Por que o mercado é pessimista se a economia brasileira vai bem?
O brasileiro deverá encerrar o ano com avanço de 7% em sua renda real disponível. A população ocupada pode alcançar 101,5 milhões em dezembro – um feito. E o PIB, que surpreendeu positivamente a economia brasileira em 2023, tem tudo para crescer acima de 3% em 2024.
Como se não bastasse, no começo de outubro, a agência de classificação de risco Moody’s colocou a nota soberana do país a um passo do grau de investimento, o clube dos bons pagadores.

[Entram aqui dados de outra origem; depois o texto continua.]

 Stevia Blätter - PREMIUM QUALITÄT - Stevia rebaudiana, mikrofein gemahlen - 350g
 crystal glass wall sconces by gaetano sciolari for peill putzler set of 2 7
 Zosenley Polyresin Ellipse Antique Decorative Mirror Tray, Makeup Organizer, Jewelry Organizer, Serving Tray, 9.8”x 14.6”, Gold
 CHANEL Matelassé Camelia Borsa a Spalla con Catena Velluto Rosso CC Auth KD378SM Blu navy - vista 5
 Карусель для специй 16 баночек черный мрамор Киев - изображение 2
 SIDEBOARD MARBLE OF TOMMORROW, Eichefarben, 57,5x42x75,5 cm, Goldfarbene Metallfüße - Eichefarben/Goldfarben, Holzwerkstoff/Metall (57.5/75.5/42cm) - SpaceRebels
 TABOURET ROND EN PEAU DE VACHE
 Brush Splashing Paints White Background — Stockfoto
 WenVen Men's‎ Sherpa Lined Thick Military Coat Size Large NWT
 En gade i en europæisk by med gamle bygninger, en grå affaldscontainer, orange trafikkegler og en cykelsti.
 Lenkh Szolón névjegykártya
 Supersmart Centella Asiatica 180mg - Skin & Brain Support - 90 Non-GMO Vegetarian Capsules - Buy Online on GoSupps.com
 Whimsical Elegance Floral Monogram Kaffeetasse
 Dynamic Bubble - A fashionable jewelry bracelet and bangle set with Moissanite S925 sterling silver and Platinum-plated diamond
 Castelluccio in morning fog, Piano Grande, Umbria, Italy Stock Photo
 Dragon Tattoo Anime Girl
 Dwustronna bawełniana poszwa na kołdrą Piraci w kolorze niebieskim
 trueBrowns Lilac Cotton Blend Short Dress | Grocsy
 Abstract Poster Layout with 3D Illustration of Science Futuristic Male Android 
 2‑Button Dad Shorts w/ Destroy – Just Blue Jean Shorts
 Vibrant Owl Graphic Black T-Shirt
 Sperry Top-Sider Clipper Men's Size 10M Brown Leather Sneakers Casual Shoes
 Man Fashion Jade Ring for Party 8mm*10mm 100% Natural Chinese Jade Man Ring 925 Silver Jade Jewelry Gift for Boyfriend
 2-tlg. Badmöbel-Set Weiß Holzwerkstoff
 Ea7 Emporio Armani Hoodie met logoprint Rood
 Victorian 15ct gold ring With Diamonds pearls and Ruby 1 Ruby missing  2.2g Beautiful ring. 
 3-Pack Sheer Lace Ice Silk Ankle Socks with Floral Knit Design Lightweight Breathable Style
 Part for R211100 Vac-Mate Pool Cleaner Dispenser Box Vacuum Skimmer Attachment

Isso tudo serviria como um prato cheio para o mercado financeiro, interessado em apostar na economia brasileira (em sua moeda e empresas). Não fosse o fato de que, na prática, o mercado queira tudo hoje em dia, menos ativos de risco carimbados com o selo de Made in Brazil.
Mercado está mal-humorado
Na verdade, o mercado financeiro está há algum tempo mal-humorado com a economia brasileira. E um bom exemplo disso aconteceu há duas semanas, com a palestra do gestor Rogério Xavier, da SPX Capital.
Xavier mora em Londres. Mas em sua última passagem pelo Brasil, praticamente afirmou que a economia estava armando uma bomba relógio para o país.
O presidente da SPX disse que não investia em ativos brasileiros. Que a condução da política econômica ia de mal a pior. Comparou o país com a Argentina. E, em sua frase de maior efeito, afirmou que se continuasse assim, o Brasil correria o risco de voltar para os anos 1980.
No fim de sua participação no evento Macro Vision, do banco Itaú Unibanco, tirou aplausos da plateia formada por empresários, gestores e investidores milionários.
A economia brasileira preocupa?
Mas porque o mercado anda tão preocupado se, nos números atuais, a economia brasileira vai bem?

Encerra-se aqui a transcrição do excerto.